(Recorded data begins)

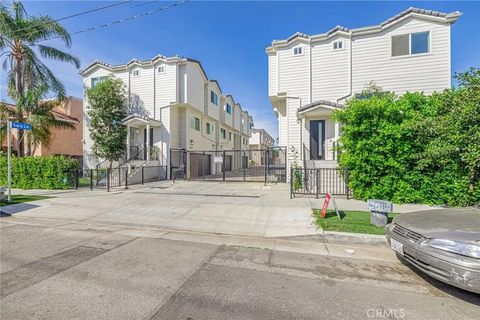 Photo of 14662 W Sara Lane, Panorama City, CA 91402 (MLS # SR26058590)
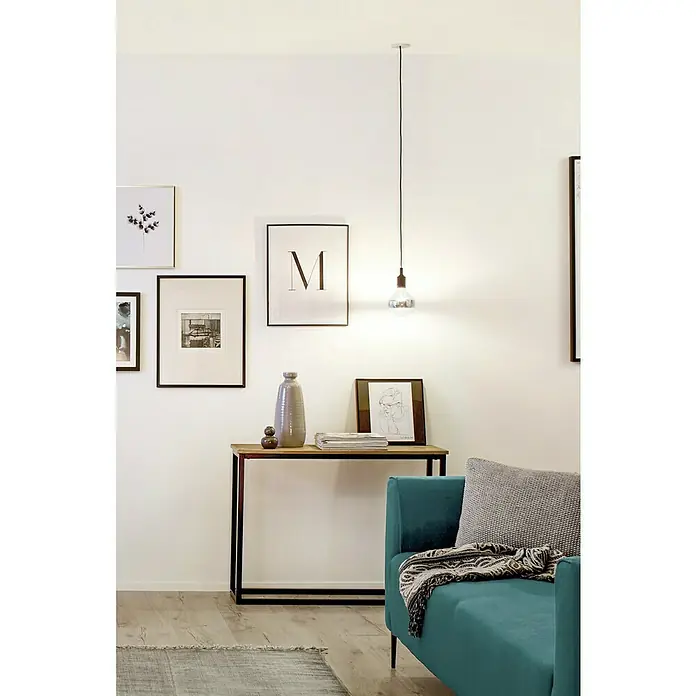 Paulmann Neordic Pendelleuchte Ketil - Schwarz, 200 cm, 20 W, E27 - Modernes Wohnzimmer mit minimalistischer Pendelleuchte, gerahmten Bildern und einem türkisfarbenen Sofa, das eine stilvolle und gemütliche Atmosphäre schafft.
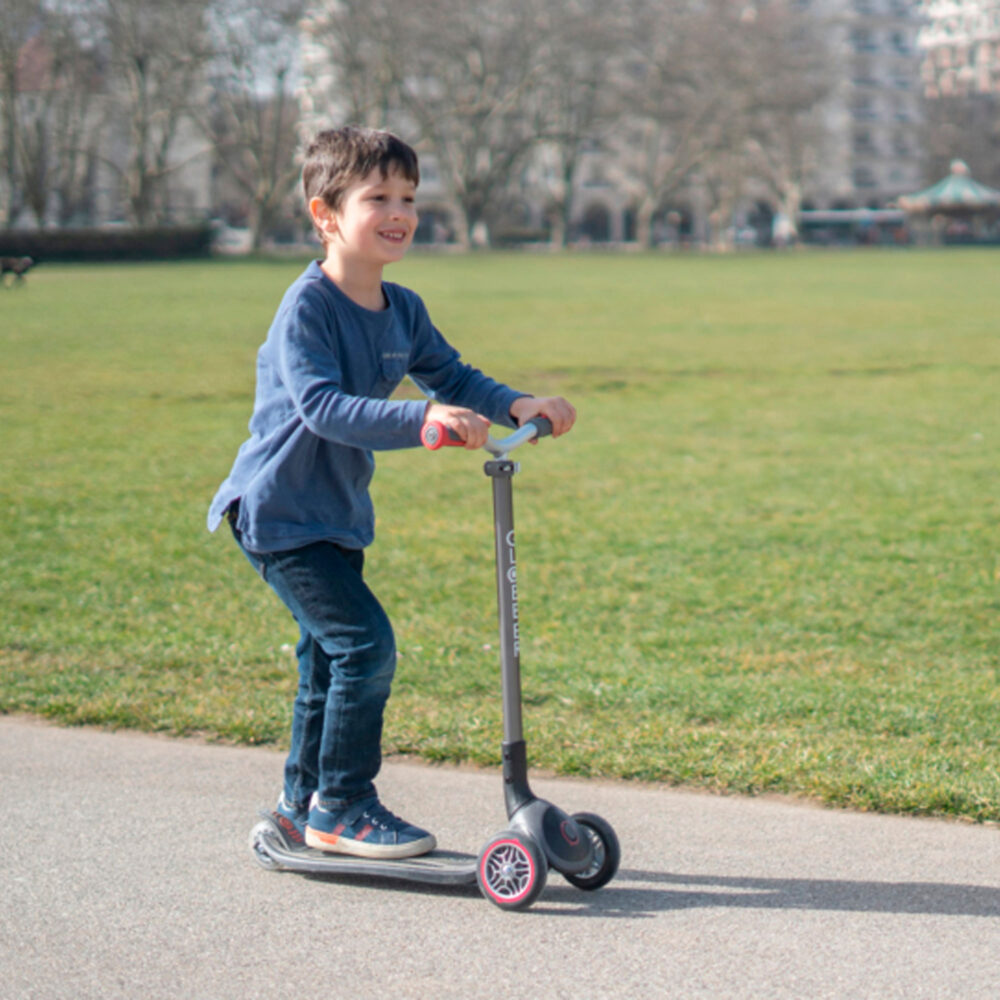 SCOOTER MODELO MASTER PRIME PARA NIÑOS DE 4 AÑOS A MÁS GLOBBER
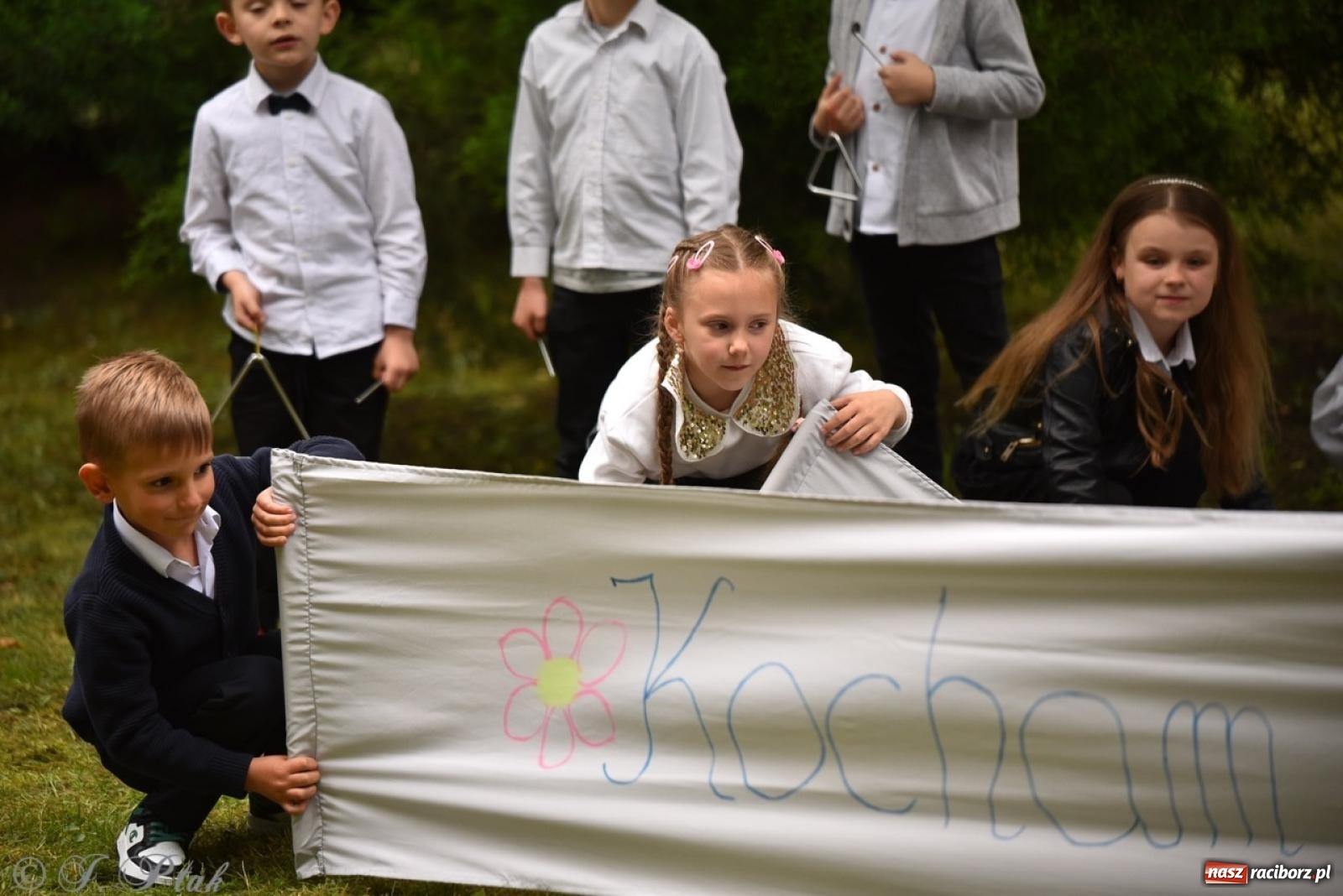 Zdjęcie w galerii na portalu naszraciborz.pl: Rodzinna atmosfera na festynie Przedszkola nr 13 w Raciborzu [FOTO i WIDEO] wiadomości z regionu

(Recorded data ends)

## How to complete this task
Transcribe the whole of the data exactly, minus any pictures.

## Expected answer
 Photo of 14662 W Sara Lane, Panorama City, CA 91402 (MLS # SR26058590)
 Paulmann Neordic Pendelleuchte Ketil - Schwarz, 200 cm, 20 W, E27 - Modernes Wohnzimmer mit minimalistischer Pendelleuchte, gerahmten Bildern und einem türkisfarbenen Sofa, das eine stilvolle und gemütliche Atmosphäre schafft.
 SCOOTER MODELO MASTER PRIME PARA NIÑOS DE 4 AÑOS A MÁS GLOBBER
 Zdjęcie w galerii na portalu naszraciborz.pl: Rodzinna atmosfera na festynie Przedszkola nr 13 w Raciborzu [FOTO i WIDEO] wiadomości z regionu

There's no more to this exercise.